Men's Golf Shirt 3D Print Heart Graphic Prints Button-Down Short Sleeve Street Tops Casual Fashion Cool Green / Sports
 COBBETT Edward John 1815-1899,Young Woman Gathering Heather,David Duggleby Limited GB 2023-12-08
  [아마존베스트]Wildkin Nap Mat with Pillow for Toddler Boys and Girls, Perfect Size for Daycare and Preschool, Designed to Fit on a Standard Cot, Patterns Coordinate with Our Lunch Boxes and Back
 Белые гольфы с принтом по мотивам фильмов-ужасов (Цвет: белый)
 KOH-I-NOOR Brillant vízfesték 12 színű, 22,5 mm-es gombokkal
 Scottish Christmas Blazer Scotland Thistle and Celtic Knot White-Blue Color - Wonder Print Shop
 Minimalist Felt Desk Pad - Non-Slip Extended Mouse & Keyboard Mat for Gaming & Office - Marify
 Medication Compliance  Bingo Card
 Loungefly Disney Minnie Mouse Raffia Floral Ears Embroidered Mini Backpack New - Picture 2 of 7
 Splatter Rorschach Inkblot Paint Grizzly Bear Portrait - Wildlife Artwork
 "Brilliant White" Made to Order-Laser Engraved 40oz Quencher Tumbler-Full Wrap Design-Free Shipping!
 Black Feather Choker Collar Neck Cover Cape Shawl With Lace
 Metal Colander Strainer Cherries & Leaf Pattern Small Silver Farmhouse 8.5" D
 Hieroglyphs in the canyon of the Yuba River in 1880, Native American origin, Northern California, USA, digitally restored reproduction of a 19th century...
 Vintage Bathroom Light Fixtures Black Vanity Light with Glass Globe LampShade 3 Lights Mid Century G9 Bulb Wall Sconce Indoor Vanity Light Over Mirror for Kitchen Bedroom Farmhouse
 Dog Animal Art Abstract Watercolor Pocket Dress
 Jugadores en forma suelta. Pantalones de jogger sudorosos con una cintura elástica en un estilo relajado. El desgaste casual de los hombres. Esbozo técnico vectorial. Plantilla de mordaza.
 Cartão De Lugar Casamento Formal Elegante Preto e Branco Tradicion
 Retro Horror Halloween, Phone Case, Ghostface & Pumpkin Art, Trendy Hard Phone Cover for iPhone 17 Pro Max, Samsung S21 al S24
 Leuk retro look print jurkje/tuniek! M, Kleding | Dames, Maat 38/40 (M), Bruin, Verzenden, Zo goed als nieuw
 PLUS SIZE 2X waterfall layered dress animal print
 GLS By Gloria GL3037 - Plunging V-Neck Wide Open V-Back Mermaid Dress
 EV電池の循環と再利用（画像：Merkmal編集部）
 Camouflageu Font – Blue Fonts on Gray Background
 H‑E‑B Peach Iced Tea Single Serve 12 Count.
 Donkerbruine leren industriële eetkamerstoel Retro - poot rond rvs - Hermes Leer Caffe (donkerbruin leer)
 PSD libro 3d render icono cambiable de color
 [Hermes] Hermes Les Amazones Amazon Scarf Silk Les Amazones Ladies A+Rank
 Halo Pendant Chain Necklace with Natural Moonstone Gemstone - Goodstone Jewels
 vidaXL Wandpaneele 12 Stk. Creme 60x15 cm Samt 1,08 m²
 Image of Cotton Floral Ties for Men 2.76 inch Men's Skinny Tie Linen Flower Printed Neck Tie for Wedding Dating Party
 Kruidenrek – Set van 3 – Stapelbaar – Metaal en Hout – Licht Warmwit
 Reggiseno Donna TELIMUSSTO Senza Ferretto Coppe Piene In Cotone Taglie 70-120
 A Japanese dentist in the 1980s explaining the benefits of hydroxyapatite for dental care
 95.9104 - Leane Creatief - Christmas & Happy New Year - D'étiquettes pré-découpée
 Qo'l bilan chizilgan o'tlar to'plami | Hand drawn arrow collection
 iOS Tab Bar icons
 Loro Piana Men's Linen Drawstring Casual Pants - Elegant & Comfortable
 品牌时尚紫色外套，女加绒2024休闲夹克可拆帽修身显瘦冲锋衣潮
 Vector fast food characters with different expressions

* * *

_Brief_
From the first line of the entries above to the line with "Jugadores en forma", please return every line exactly, keeping both ends.

_Written response_
Men's Golf Shirt 3D Print Heart Graphic Prints Button-Down Short Sleeve Street Tops Casual Fashion Cool Green / Sports
 COBBETT Edward John 1815-1899,Young Woman Gathering Heather,David Duggleby Limited GB 2023-12-08
  [아마존베스트]Wildkin Nap Mat with Pillow for Toddler Boys and Girls, Perfect Size for Daycare and Preschool, Designed to Fit on a Standard Cot, Patterns Coordinate with Our Lunch Boxes and Back
 Белые гольфы с принтом по мотивам фильмов-ужасов (Цвет: белый)
 KOH-I-NOOR Brillant vízfesték 12 színű, 22,5 mm-es gombokkal
 Scottish Christmas Blazer Scotland Thistle and Celtic Knot White-Blue Color - Wonder Print Shop
 Minimalist Felt Desk Pad - Non-Slip Extended Mouse & Keyboard Mat for Gaming & Office - Marify
 Medication Compliance  Bingo Card
 Loungefly Disney Minnie Mouse Raffia Floral Ears Embroidered Mini Backpack New - Picture 2 of 7
 Splatter Rorschach Inkblot Paint Grizzly Bear Portrait - Wildlife Artwork
 "Brilliant White" Made to Order-Laser Engraved 40oz Quencher Tumbler-Full Wrap Design-Free Shipping!
 Black Feather Choker Collar Neck Cover Cape Shawl With Lace
 Metal Colander Strainer Cherries & Leaf Pattern Small Silver Farmhouse 8.5" D
 Hieroglyphs in the canyon of the Yuba River in 1880, Native American origin, Northern California, USA, digitally restored reproduction of a 19th century...
 Vintage Bathroom Light Fixtures Black Vanity Light with Glass Globe LampShade 3 Lights Mid Century G9 Bulb Wall Sconce Indoor Vanity Light Over Mirror for Kitchen Bedroom Farmhouse
 Dog Animal Art Abstract Watercolor Pocket Dress
 Jugadores en forma suelta. Pantalones de jogger sudorosos con una cintura elástica en un estilo relajado. El desgaste casual de los hombres. Esbozo técnico vectorial. Plantilla de mordaza.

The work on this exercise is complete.